I have not taken out the jet to blow it out to see if that cures the problem. I need to find a new wrench that fits the fittings. For some reason, of the tens of small wrenches I have, none fit. Or I lost the one that would have fit (most likely). I ask in case there is something else to consider.

I have also played with the air intake on the burner. No position quiets the burner.

Any help, comments, or suggestions would be very much appreciated.

Regards to all,
Malcolm S.


----------



## Tom Bowdler (Jan 3, 2008)

Malcom, 
It wouldn't hurt anything to clean the jet. On your video (I only found one) when the loco is on the rollers you have plenty of steam according to the gauge so you could simply turn down the gas and quiet the burner that way and get a longer run as well. Looks like she runs well on your railway if a little fast for a small industrial 10 tonner. I like the sound of the wheels of the loco and cars on the rails. Little burner noise there. 
Have fun, 
Tom


----------



## FH&PB (Jan 2, 2008)

Sears used to sell a keychain-size working crescent wrench - about 2 inches long. I haven't been in Sears in a while, so I don't know if they're still available. It's one of those things they put by the register, hoping you'll buy it on impulse. It is exactly right for many of the chores I have around my live steamers. 

I got two and gave one to a gearhead friend. TSA took it - I guess they were afraid he'd dismantle the airplane in mid-air. I guess I need to go to Sears and see if I can find a replacement.


----------



## FH&PB (Jan 2, 2008)

In case Sears doesn't carry them anymore, you can get them from Shanghai, via eBay. Of course.... 
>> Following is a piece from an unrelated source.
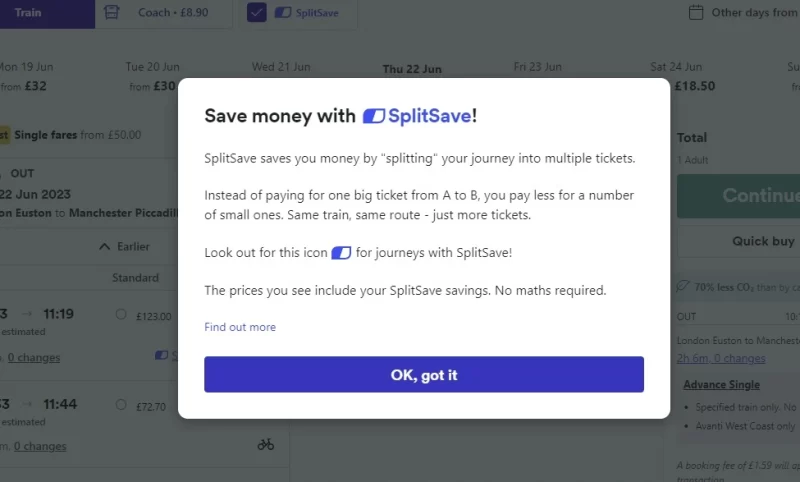 Split Ticketing is now a toggle option in the Trainline website called SplitSave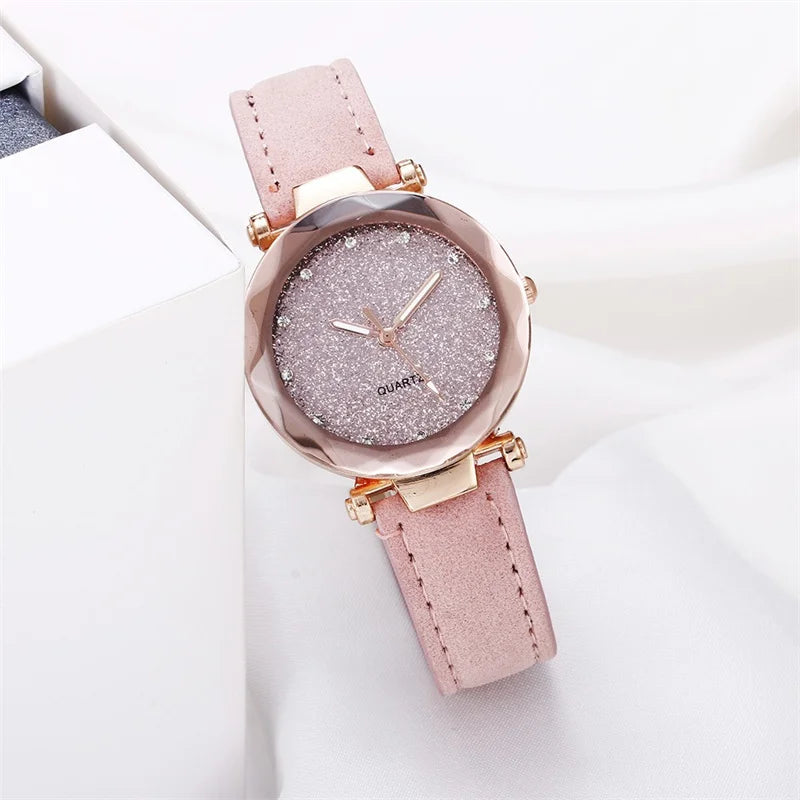 WOKAI high quality fashion casual ladies strap Quartz watch Student girl glow-in-the-dark waterproof clock retro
http://www.ebay.com/itm/Creative-To...145?pt=LH_DefaultDomain_0&hash=item337b99c911 

Of course, with a Craftsman tool, you can take it back and exchange it if it doesn't work, or breaks. I doubt you can do that with the Shanghai wrench. Still, how much strain are you going to put on it?


----------



## Malcolm (Aug 3, 2011)

Tom,

Thanks for taking time to look at the video of EMMA running and responding to my request for help/suggestions/comments. When I turn the gas down, the engine does not make enough steam to run; why I think I need to clean the jet when I find a wrench to fit.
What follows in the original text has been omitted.